Cancer treatment is largely shifting from inpatient infusion therapy to outpatient treatment with oral medications, but the impact of these new therapies on lost productivity and time away from work is unknown. In addition, an emphasis on early detection has led to younger individuals being diagnosed and treated for cancer.
Survivors are living longer, which has resulted, in part, in longer and often more aggressive treatments, and in turn, has increased the number of survivors returning to the workforce. Cathy J. Bradley, PhD, MPA, Associate Director of Cancer Prevention and Control, University of Colorado Cancer Center, Aurora, discussed this topic at the 2018 Cancer Survivorship Symposium.
Cancer therapies come at a high price, resulting in an even greater incentive for maintaining an income and health insurance coverage, but patients still face a multitude of barriers when returning to work after a cancer diagnosis. According to Dr Bradley, these factors underscore the need for effective interventions—at the patient, provider, and workplace levels—to minimize the effects of cancer and its treatment on returning to work.
Shifting Trends in the Workforce
Patients with cancer have a strong intrinsic desire to remain in the workplace. It provides a sense of normalcy and self-worth, as well as a distraction from treatment.

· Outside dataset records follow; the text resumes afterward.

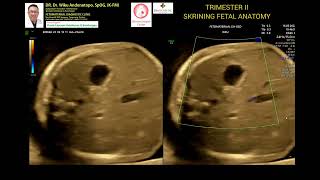 Trimester II Fetal anomaly screening [upl. by Aeht]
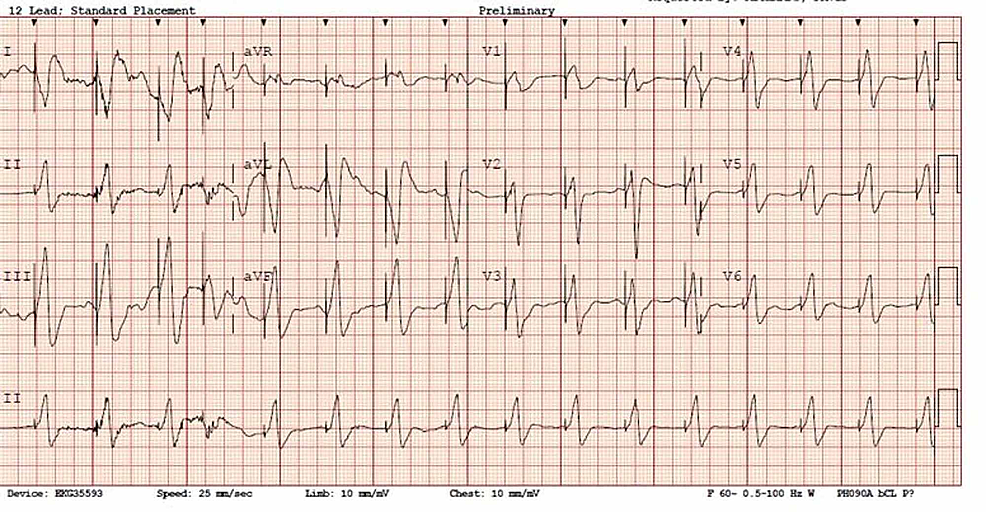 Cureus Digoxin Toxicity in a Patient with Pacemaker A Case Report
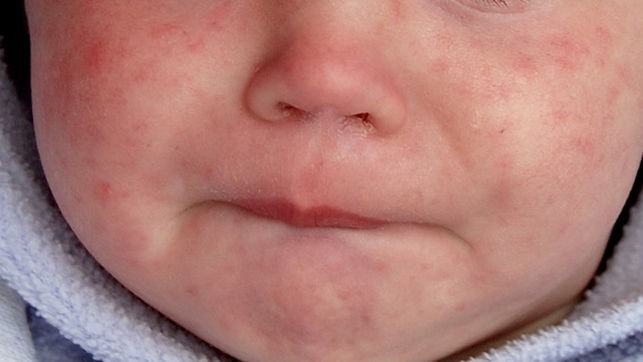 Suman 81 casos de sarampión; la mayoría no fueron vacunados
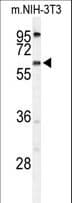 Polyclonal Rabbit anti-Human TMEM108 Antibody (aa524-553, WB)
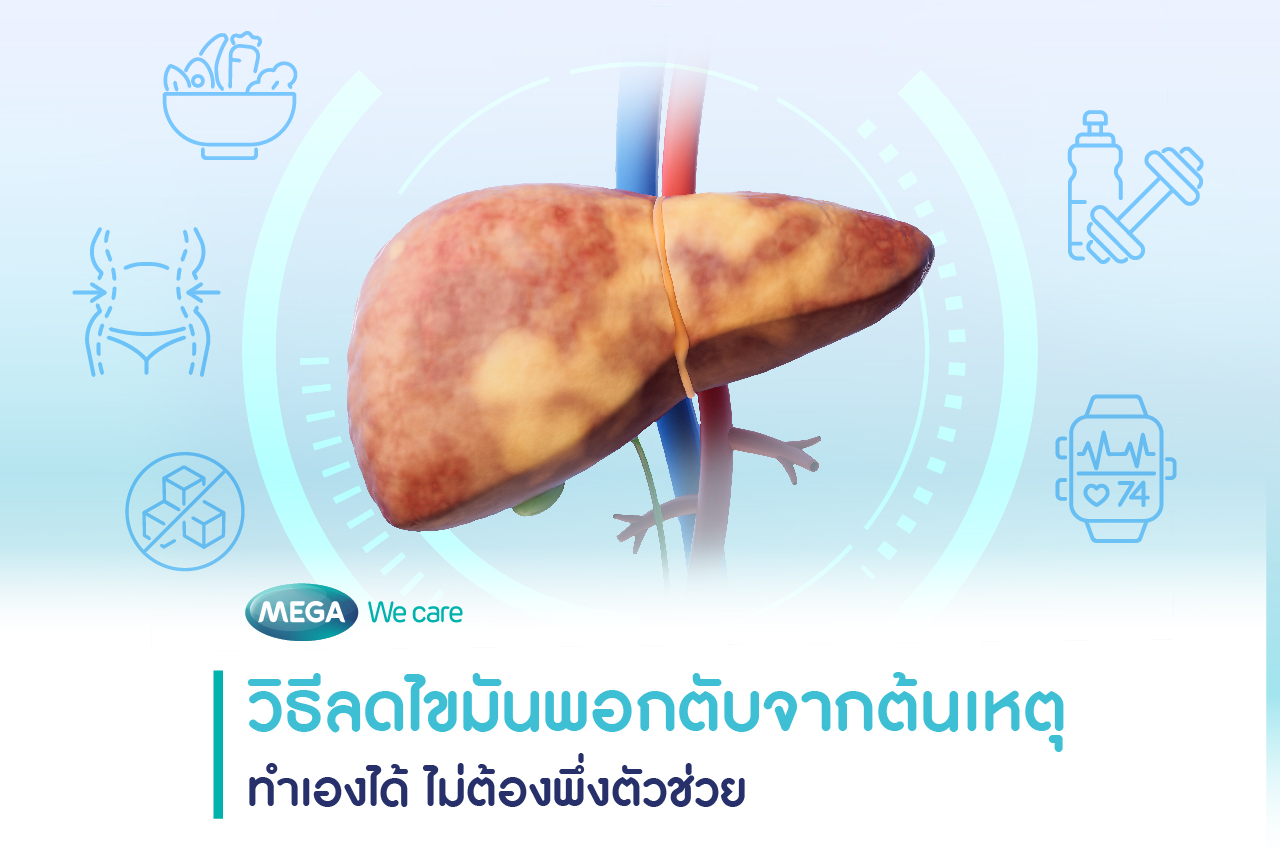 วิธีลดไขมันพอกตับ ด้วยตนเอง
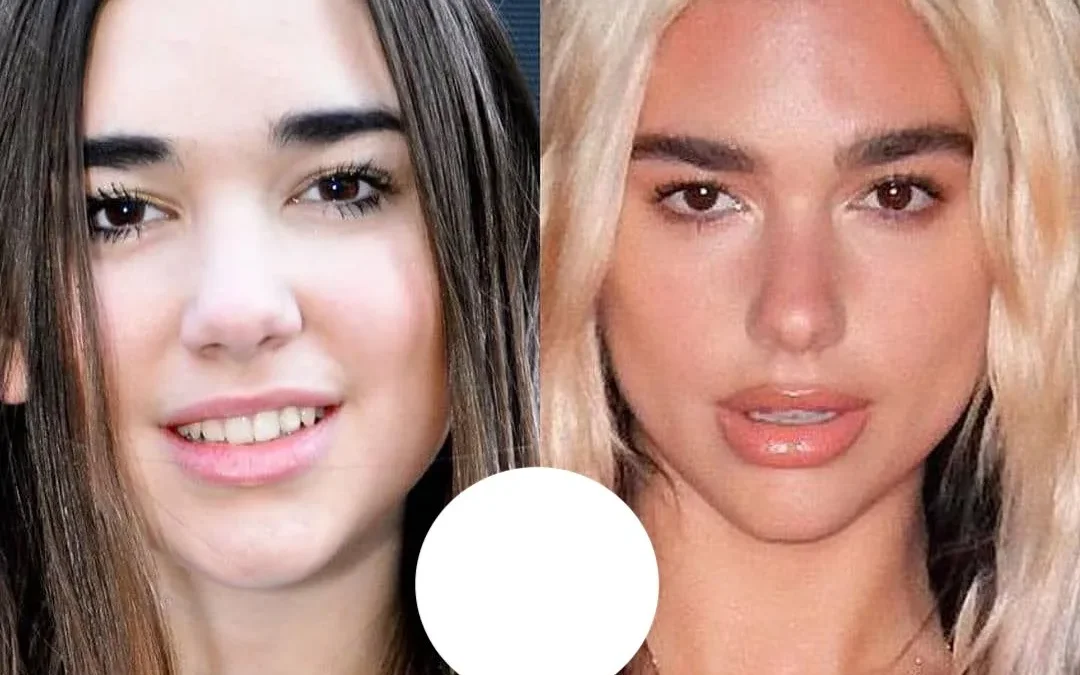 Dua Lipa chirurgie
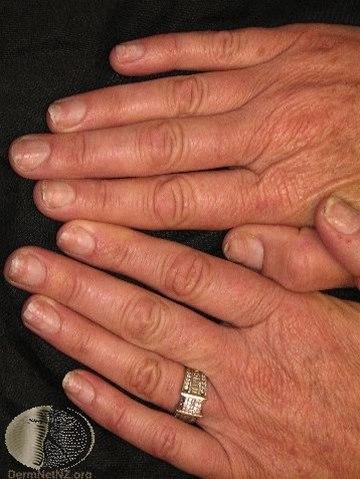 Fotoet viser psoriasis på negl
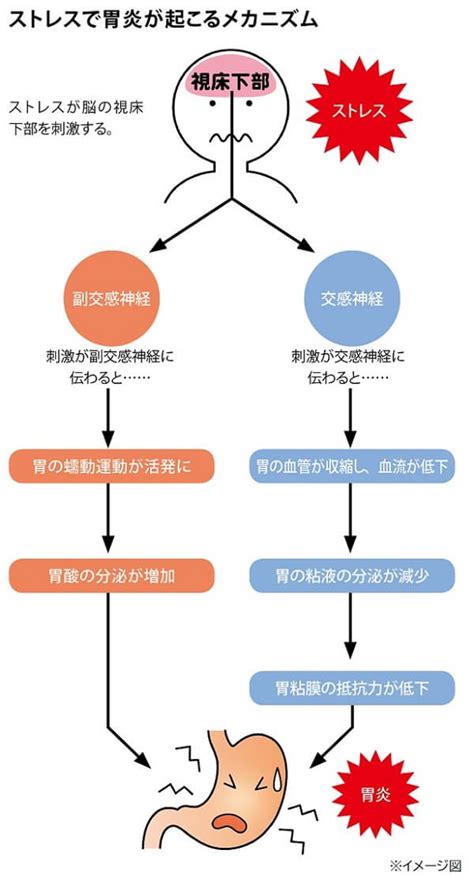 ストレスからくる食欲不振｜ 大正漢方胃腸薬 ｜ 大正製薬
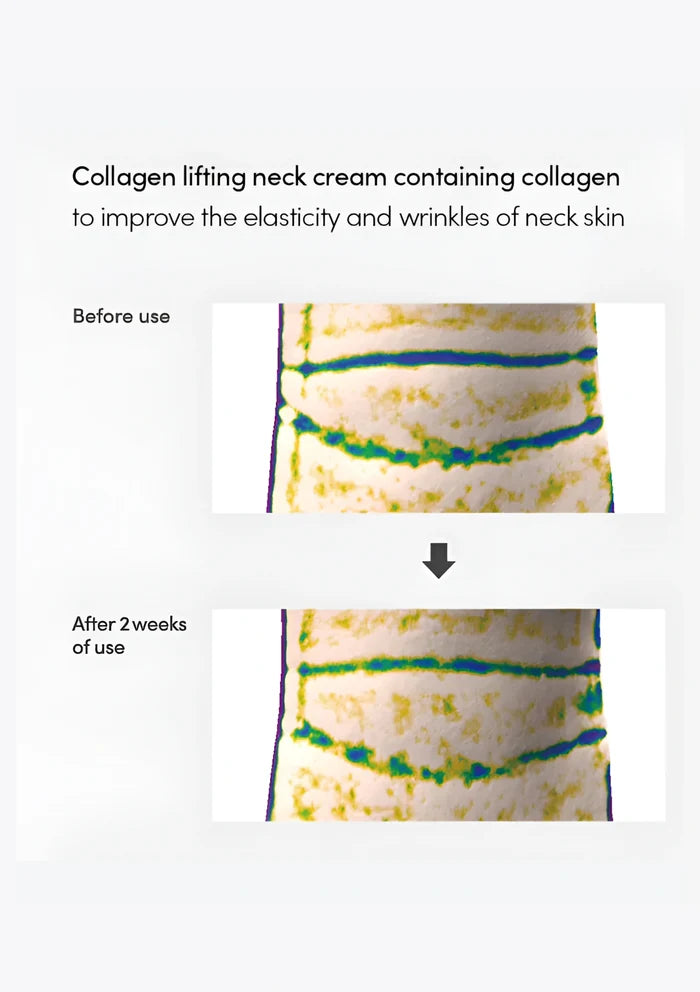 Before-and-after close-up of neck skin after two weeks of LAGOM Collagen Lifting Neck Cream use
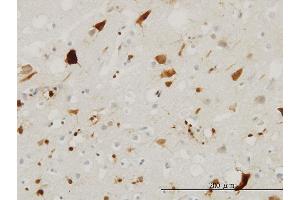 Immunoperoxidase of monoclonal antibody to PTN on formalin-fixed paraffin-embedded human cerebral cortex. (Pleiotrophin antibody  (AA 45-154))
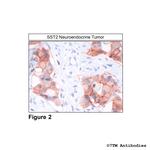 SST2, Somatostatin Receptor 2 Antibody in Immunohistochemistry (Paraffin) (IHC (P))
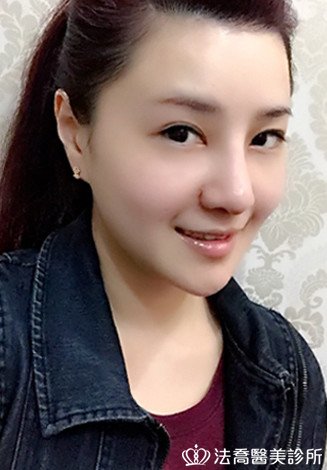 自體肋骨隆鼻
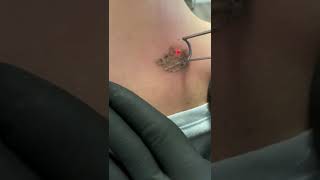 aparat laser indepartare tatuaje [upl. by Oniskey]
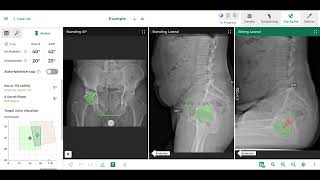 Intellijoint VIEW planning for HIP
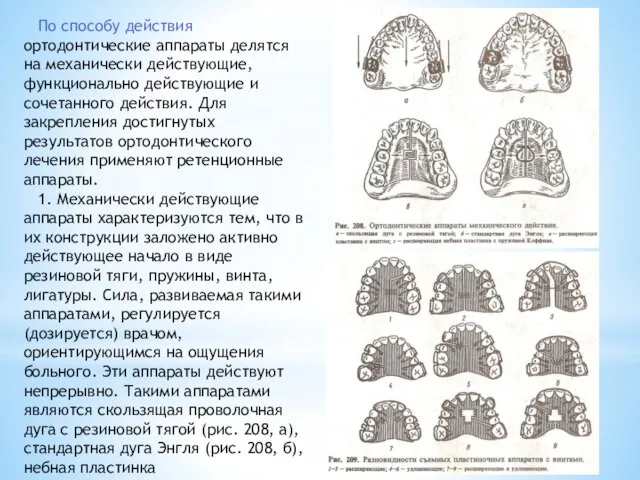 По способу действия ортодонтические аппараты делятся на механически действующие, функционально действующие и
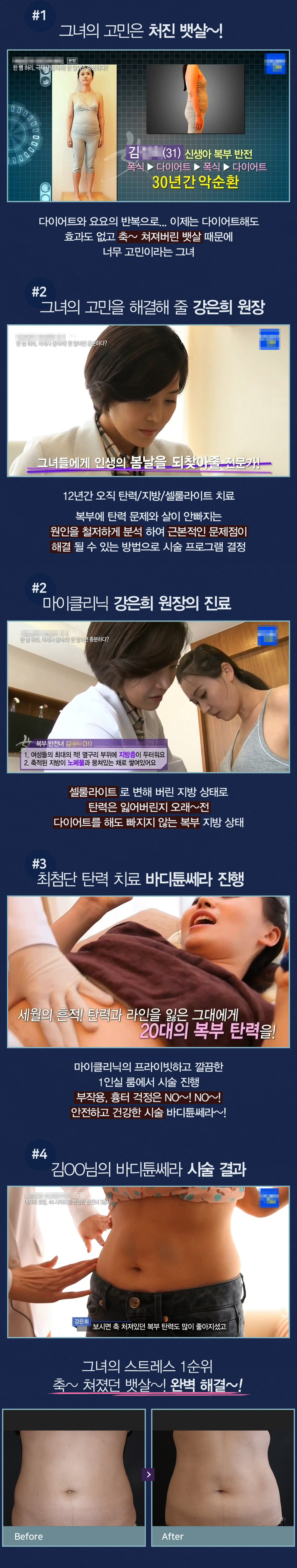 바디탄력 바디튠쎄라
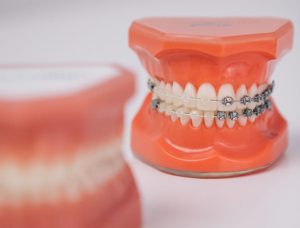 ortodoncia, brackets, enderezar dientes, mejorar sonrisa, invisalign, ortodoncia invisible, ortodoncia estetica, ortodoncia lingual, clínica dental, dentistas lima, dentista lima, dentistas surco, dentista surco, clinica dental surco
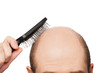 Photo: Bald man head Bald man head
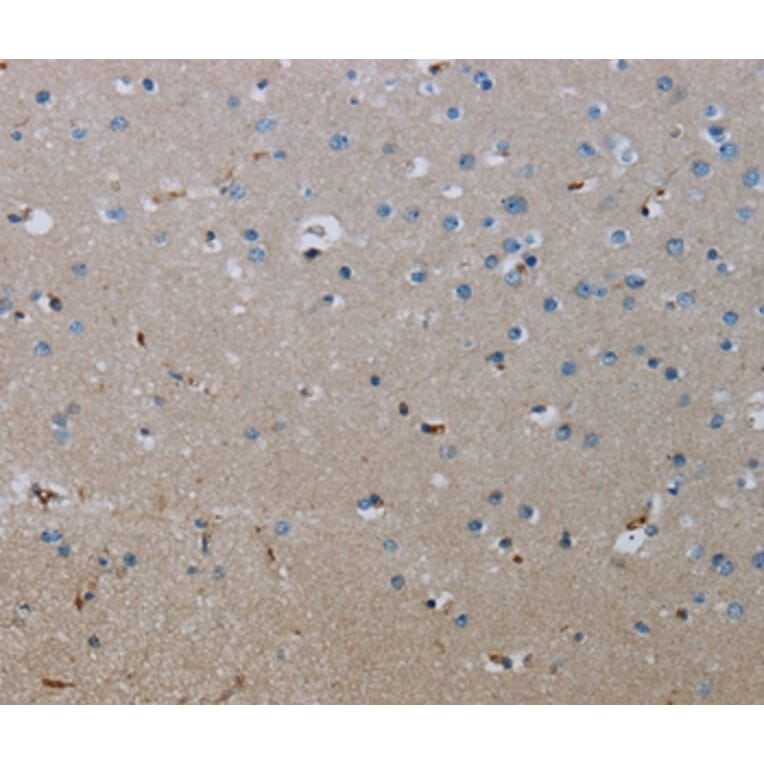 Immunohistochemistry - FLCN Antibody from Signalway Antibody (36486) - Antibodies.com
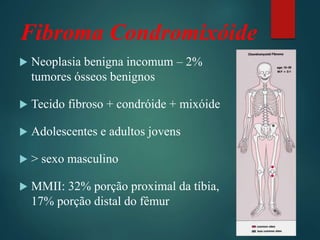 Fibroma Condromixóide
 Neoplasia benigna incomum – 2%
tumores ósseos benignos
 Tecido fibroso + condróide + mixóide
 Adolescentes e adultos jovens
 > sexo masculino
 MMII: 32% porção proximal da tíbia,
17% porção distal do fêmur
 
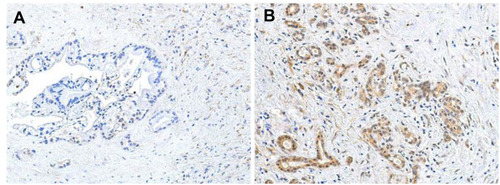 Figure 5 Representative immunohistochemical images of low and high expression of COL6A1 in PC patient tissues. (A) Low expression of COL6A1 in PC without DM; (B) high expression of COL6A1 PC with DM.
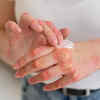 Importance of Ceramides in Skin Barrier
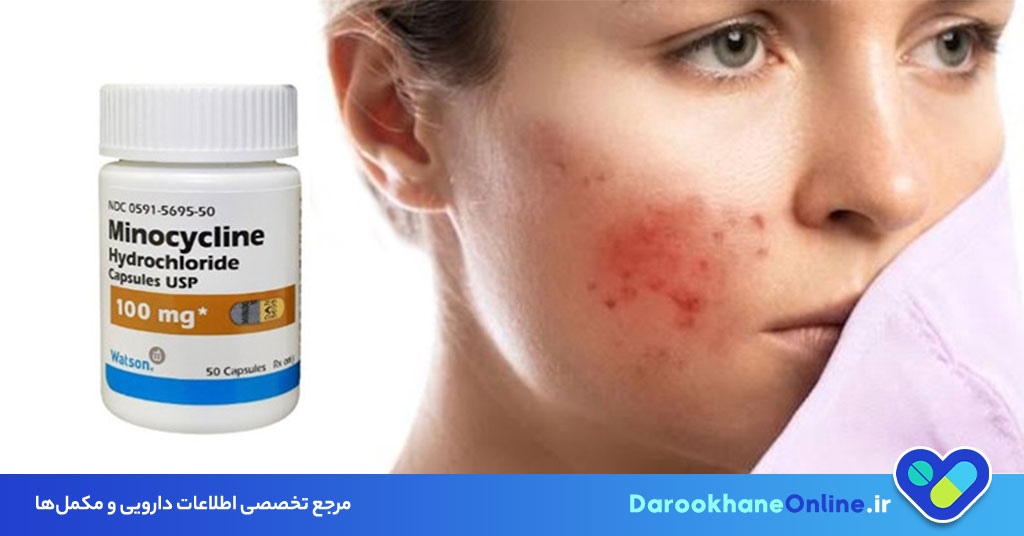 قرص مینوسیکلین چیست و برای چه مواردی تجویز می‌شود؟ موارد مصرف، نحوه مصرف و عوارض minocycline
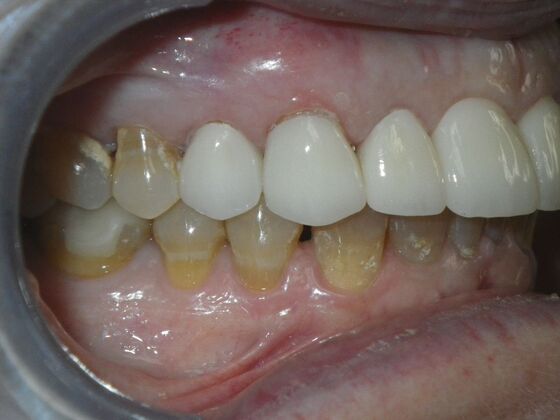 Cosmetic Changes with Veneers and Crown and Bridge: Case 1 - After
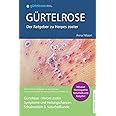 G Rtelrose Der Gro E Ratgeber Zu Herpes Zoster Schulmedizin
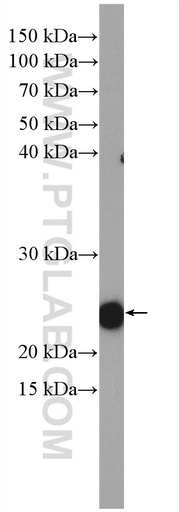 [27213-1-AP-20UL] RHOA Polyclonal antibody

“For many of us, it defines who we are,” said Dr Bradley. “It’s also an important signal about recovery; saying ‘he’s back to work’ means something to us; it’s different from saying ‘he’s doing better.’”
Growing Disparities in Survivorship
The US workforce is now trending toward more freelance and contract work, leaving this growing sector of workers without benefits such as health insurance and paid sick leave. People are also remaining in the workforce longer, increasing their probability of becoming working cancer survivors.
Widening disparities are becoming more common in the workforce, with low-skilled workers tending to work fewer hours, cutting costs by removing healthcare coverage, or withdrawing from the labor force altogether.
African Americans, Hispanics, and rural workers with cancer are more adversely affected than others, raising concerns about the widening disparities in cancer survivorship. Workers in more cognitively demanding jobs tend to have a more difficult time returning to work because of the effects of treatment, and face the risk of depression and adverse psychosocial outcomes.
Low-wage workers are particularly vulnerable, because of nonaccommodating employers and no paid sick leave, often resulting in a loss of a job or staying in the workplace regardless of how sick people are, thus jeopardizing their health and well-being.
This all adds up to a substantial hit on the US economy.
“Cancer survivorship doesn’t take place in a vacuum. We have to think about what trends are going on around us,” Dr Bradley advised. “This changing workforce dynamic is going to have critical implications for cancer survivors in needing healthcare coverage and flexibility following diagnosis and treatment.”
What Do Your Patients Need?
According to Dr Bradley, patients with cancer who are returning to the workforce need symptom control, rehabilitation if treatment has created a deficit, and retraining if getting back to the same role is no longer a possibility.
Oncologists should understand the potential impact of a certain treatment on a patient’s job, and incorporate that knowledge into their decision-making and patient education. Patients should have reasonable expectations of how much time they will miss from work, how they can plan for that time away, and whether the treatment they select will affect their functional status.
In addition, oncologists should make treatment decisions that will maximize a patient’s ability to work: supportive therapies such as cognitive reconditioning and physical therapy can be very effective, whereas sleep aids and antidepressants may interfere with the patient’s ability to function in the workplace.
Helping Patients at Work an Important Aspect of Recovery
“When I talk to members of patient advisory boards who are going back to work, they repeatedly report that well-meaning employers do the wrong thing,” she said. “So this is a big area of education—to be able to inform both survivors and their employers about what’s needed, and what can be done—that’s not just well-intentioned, but also effective.”
Workplace-related accommodations should be offered to patients (ie, flexible schedule, telework, fewer hours without jeopardizing benefits), and also help to ensure patients don’t face discrimination for having been diagnosed and treated for cancer.
“If survivors want to get back into the workforce, the workforce needs to meet them somewhere in the middle, with accommodations that help them stay attached to their job, especially during long treatment regimens,” she said.
According to Dr Bradley, work ability after cancer diagnosis and treatment is currently not integrated into clinical practice, nor is it handled well at the worksite. This translates to a survivorship environment that has not caught up with the recent advances in cancer.
“But returning to work is a tangible signal, and an important one in a patient’s recovery and survivorship,” Dr Bradley said.